The beans are vining and blossoming nicely, including the ones that I planted too close to the zucchini. The onions and shallots look pretty good, too, although only a few shallots actually came up. I'll probably end up simply using those for seed shallots next year. But the onion greenery is fantastic, and I can see a thickening of the stalk at the bottom, which hints to me of a decent size bulb growing.

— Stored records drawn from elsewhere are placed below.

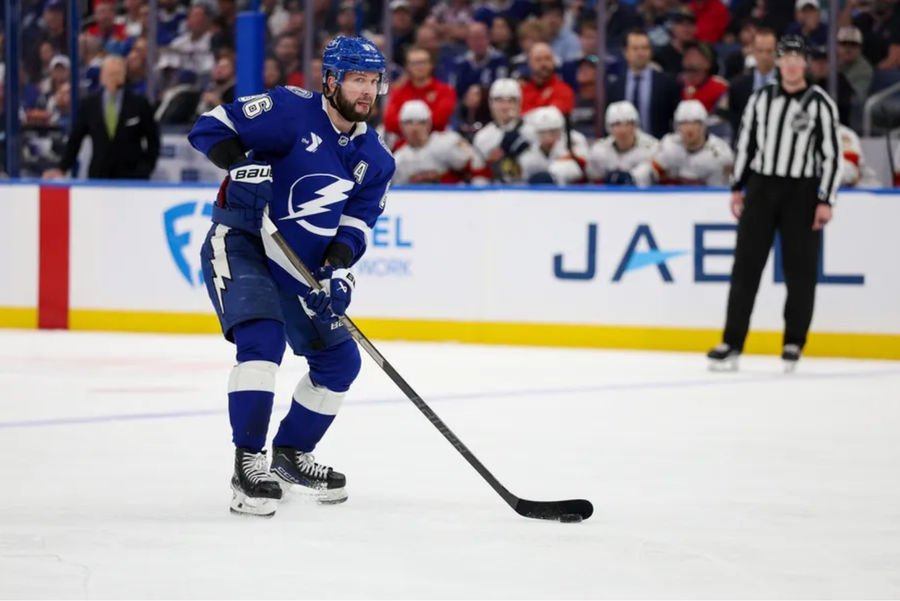 Dec 22, 2024; Tampa, Florida, USA; Tampa Bay Lightning right wing Nikita Kucherov (86) controls the puck against the Florida Panthers in the third period at Amalie Arena. Mandatory Credit: Nathan Ray Seebeck-Imagn Images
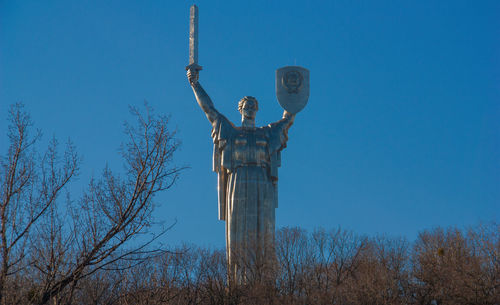 Low angle view of statue against blue sky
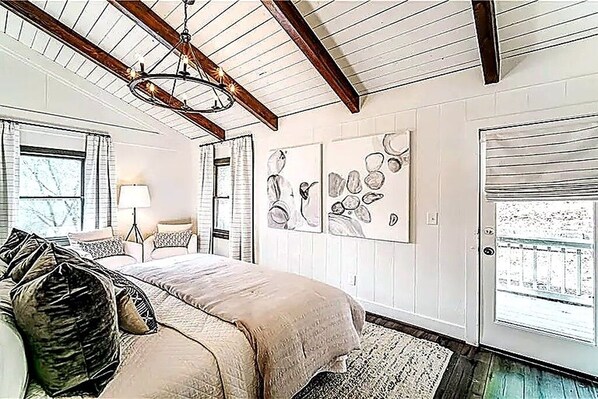 Un dormitorio con cama, candelabro, una puerta y obras de arte en la pared.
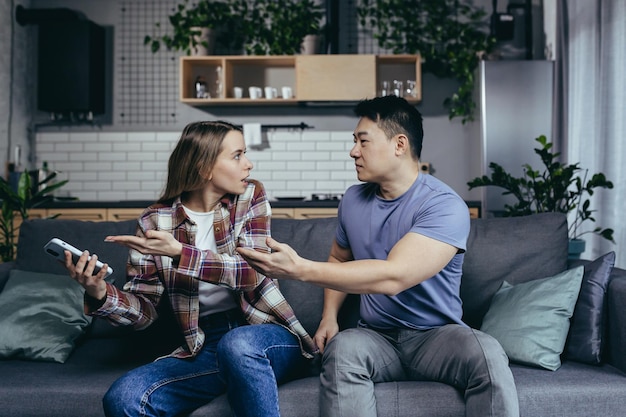 Married couple man and woman sitting on the couch at home and arguing over the phone jealousy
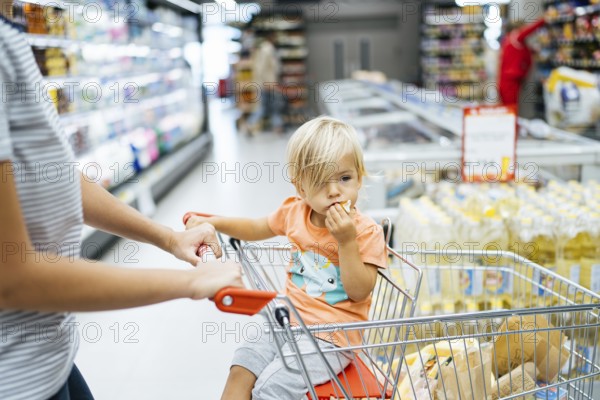 Budva, Montenegro - 17 march 2021: A child sits in a trolley in a supermarket and eats a bun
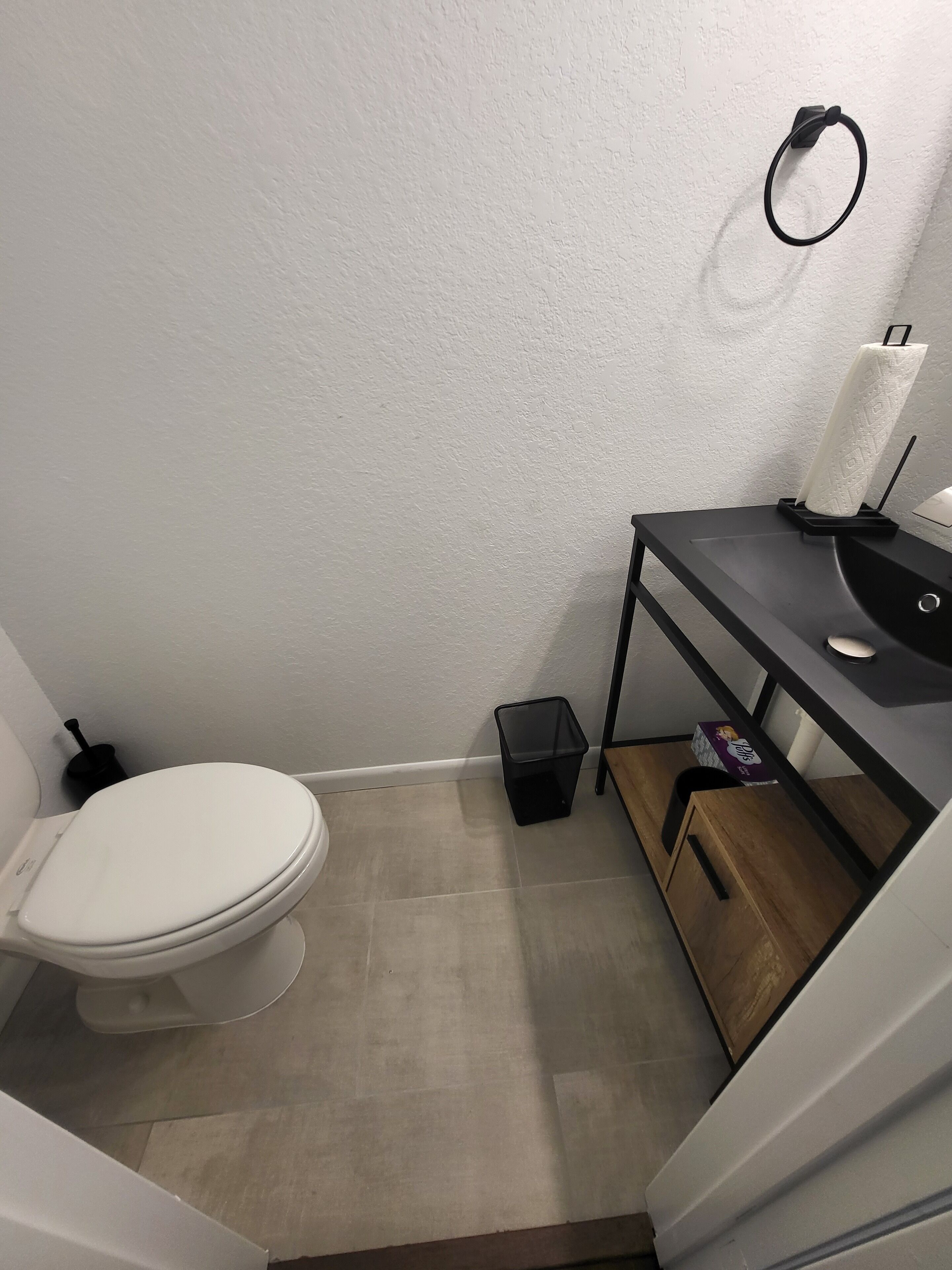 Un baño pequeño con un inodoro, un bote de basura, un dispensador de pañuelos y un armario de madera.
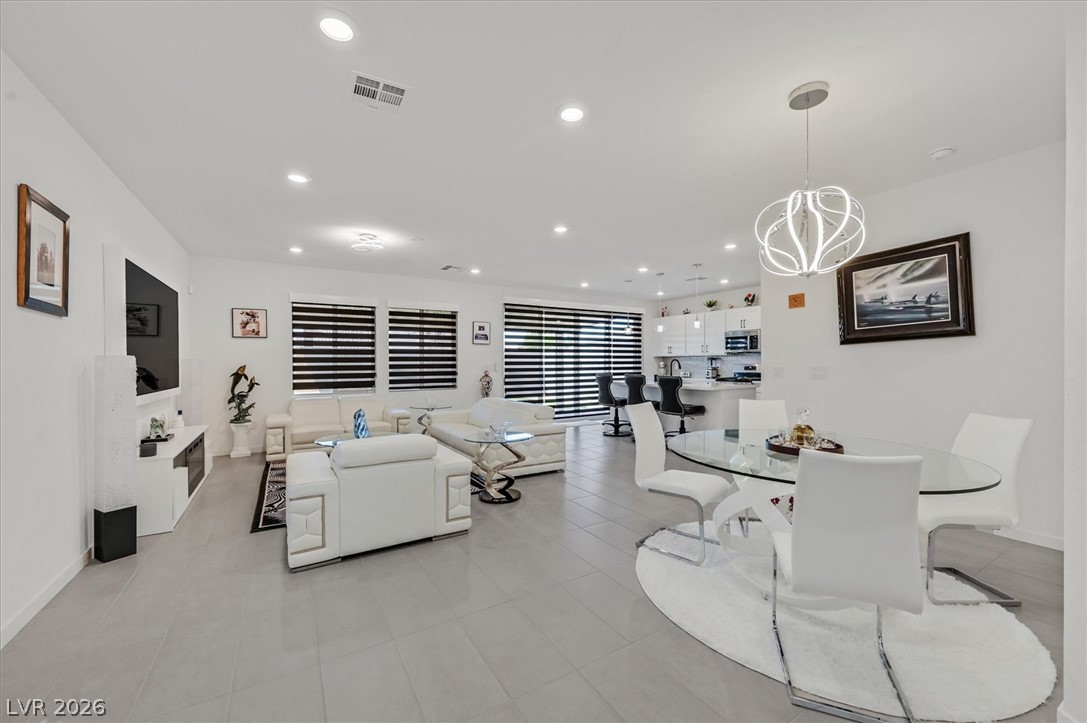 2933 Little Current Road North Las Vegas, NV 89086 - Photo 35 of 35 An open floorplan seamlessly connects the well-lit living area and dining space.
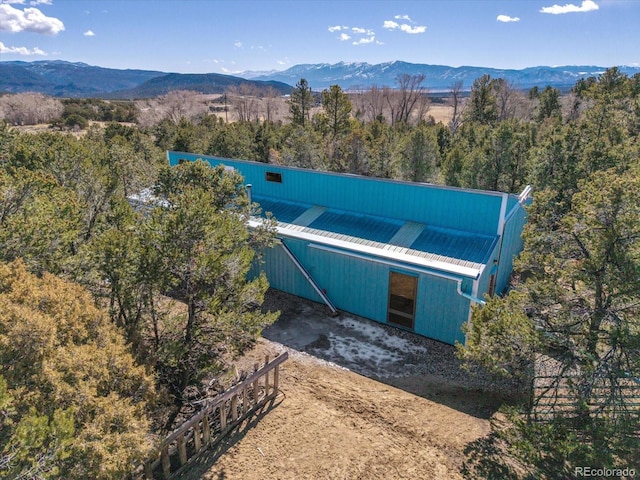 bird's eye view featuring a mountain view and a view of trees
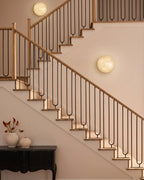 Modern Oval Alabaster Wall Sconce Along Staircase Hallway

I didn't think much about companion planting this year, so eager was I to get the plants into the ground. Apparently, beans and onions do not companion well. I'm not certain what this will mean for bean production or flavor...I'll have to do a bit more research. But even though I haven't gotten much produce out of my garden yet, I have high hopes that I will soon be eating more of a variety of food from my garden. And I suspect that once the tomato fruit begins to ripen--there is already a LOT of fruit on each plant--I will be complaining that I can't keep up with the variety.